▶ INSTRUCTIONS TO FOLLOW
Print only the lines from the one with "Alquiler 24 meses" through the end of the data, exactly, and please omit pictures.

▶ PROVIDED DATA
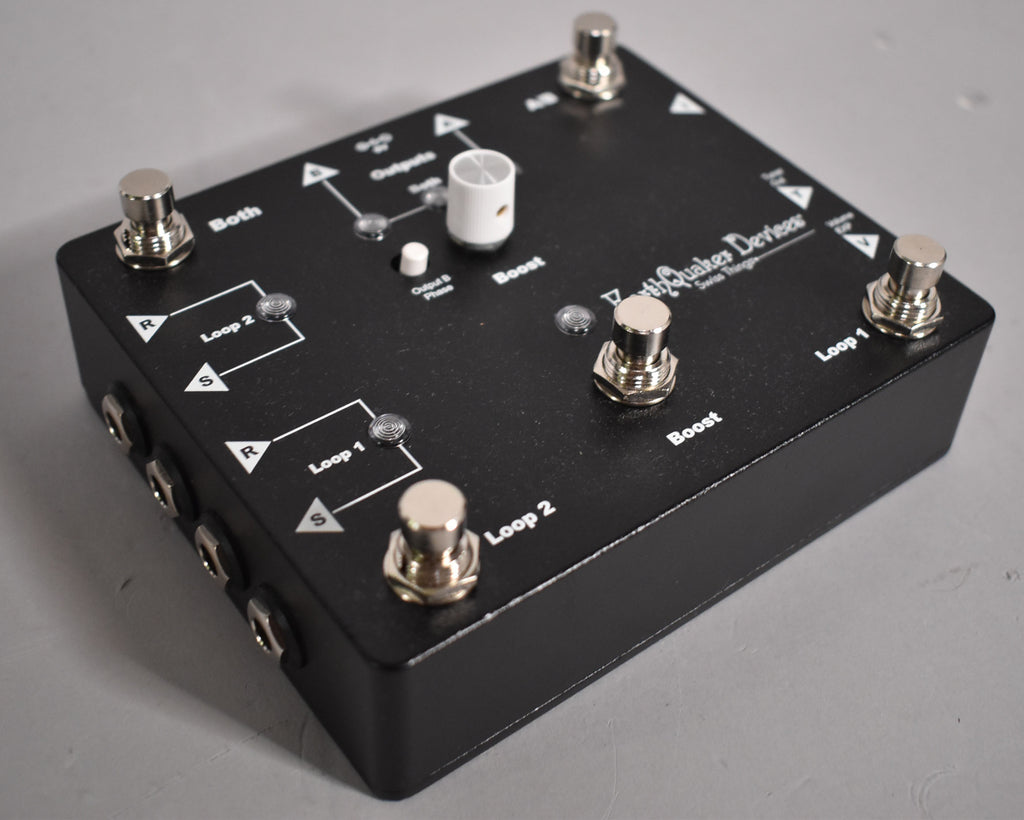 Earthquaker Devices Swiss Things Pedalboard Reconciler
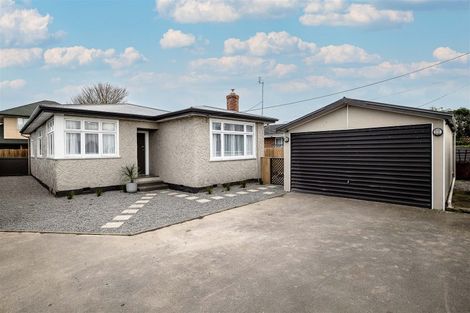 Photo of property in 375 Yaldhurst Road, Russley, Christchurch, 8042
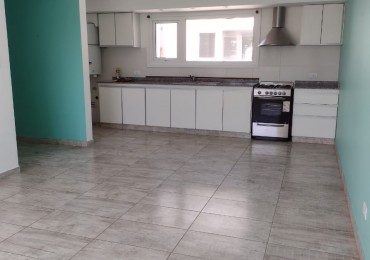 Alquiler 24 meses tres ambientes, primer piso por escalera, contrafrente , super luminoso!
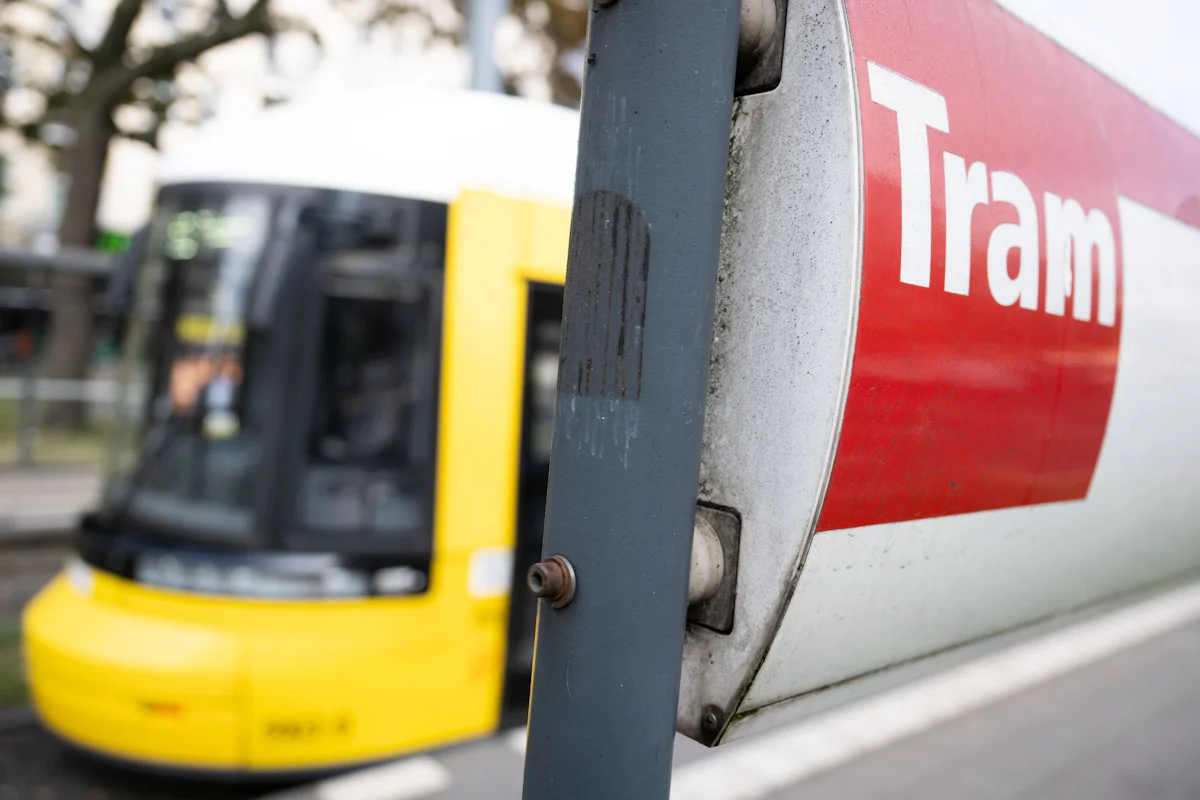 Unfall in Berlin-Biesdorf - Straßenbahn fährt Fußgänger an - lebensgefährlich verletzt - Panorama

▶ YOUR RESPONSE
 Alquiler 24 meses tres ambientes, primer piso por escalera, contrafrente , super luminoso!
 Unfall in Berlin-Biesdorf - Straßenbahn fährt Fußgänger an - lebensgefährlich verletzt - Panorama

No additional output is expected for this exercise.